### What you are asked to do
Retype each line below precisely and omit all images.

### Data extract

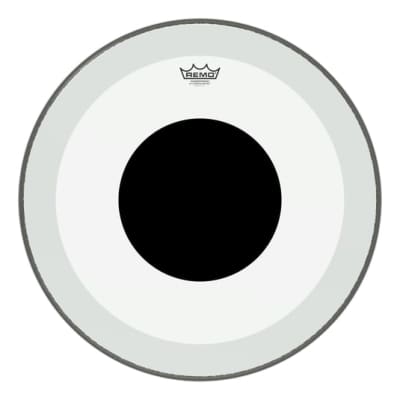 Remo Clear Powerstroke P3 22" Bass Drum Head : Black Dot w/No Stripe image 1
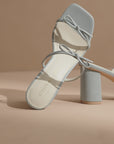 The Wendy | Blue Double Strap Bow Heels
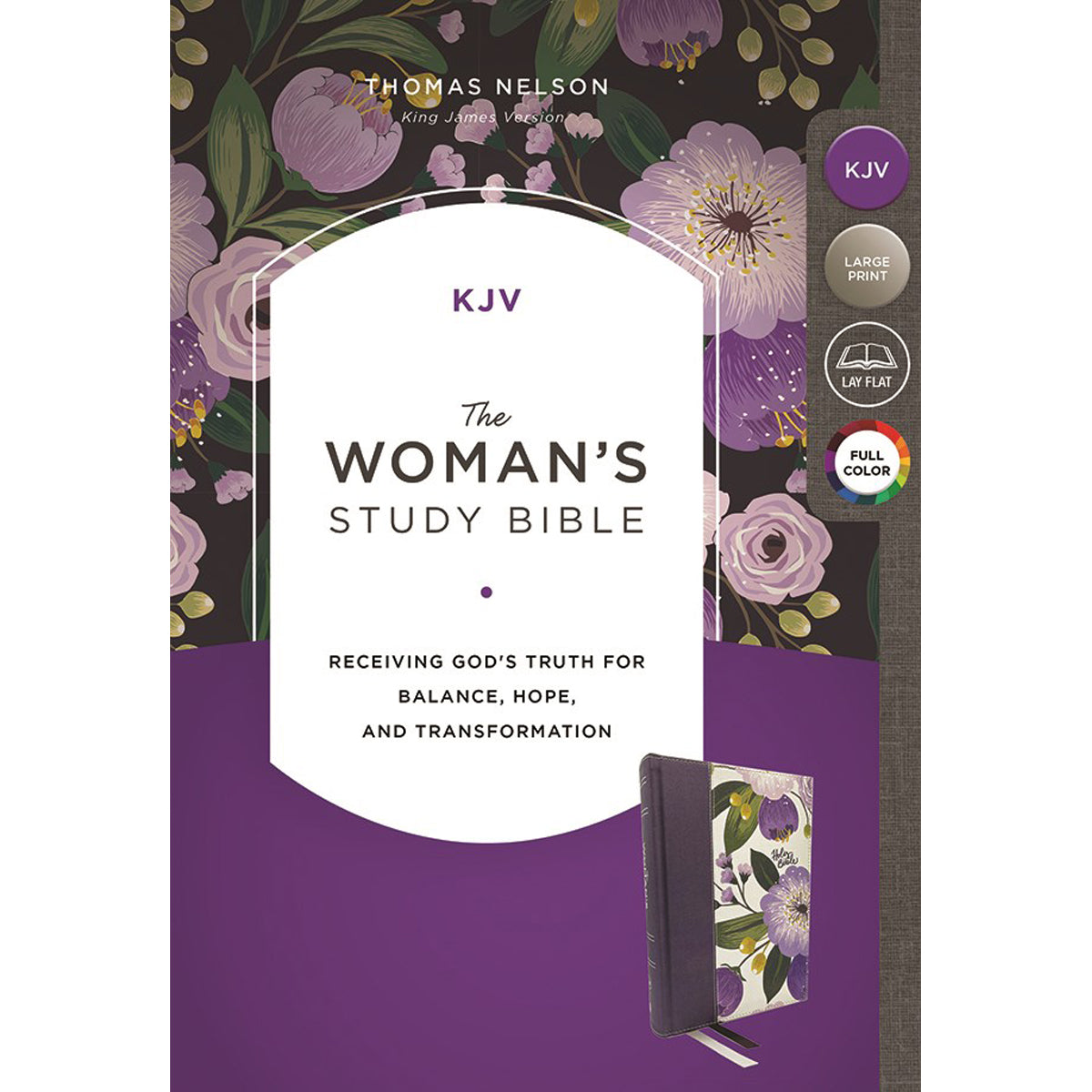 KJV Woman's Study Bible Cloth Purple Floral Comfort Print (Hardcover)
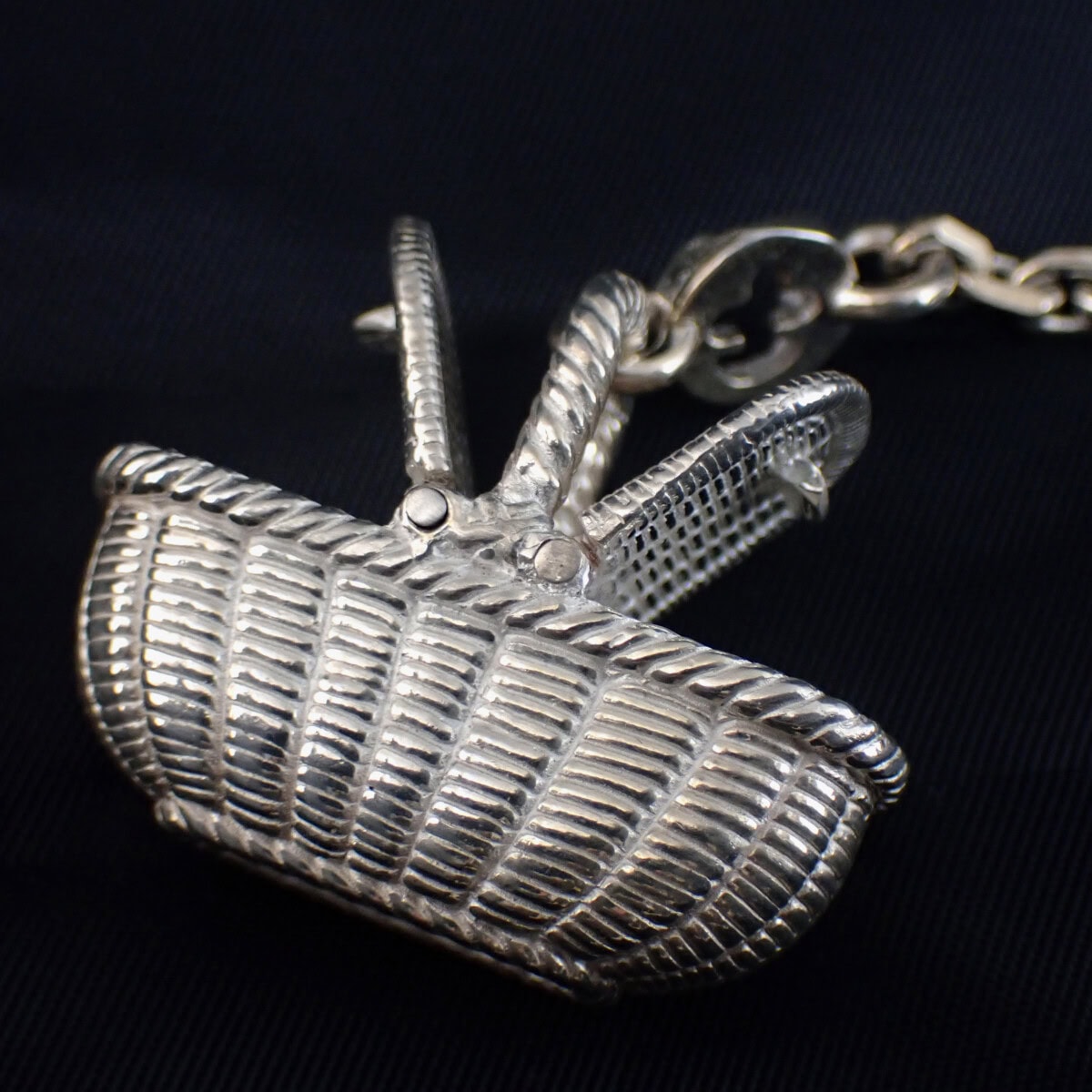 Hermes Basket-Shaped Silver Charm エルメス バスケット チャーム – SV925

### Task output
 Remo Clear Powerstroke P3 22" Bass Drum Head : Black Dot w/No Stripe image 1
 The Wendy | Blue Double Strap Bow Heels
 KJV Woman's Study Bible Cloth Purple Floral Comfort Print (Hardcover)
 Hermes Basket-Shaped Silver Charm エルメス バスケット チャーム – SV925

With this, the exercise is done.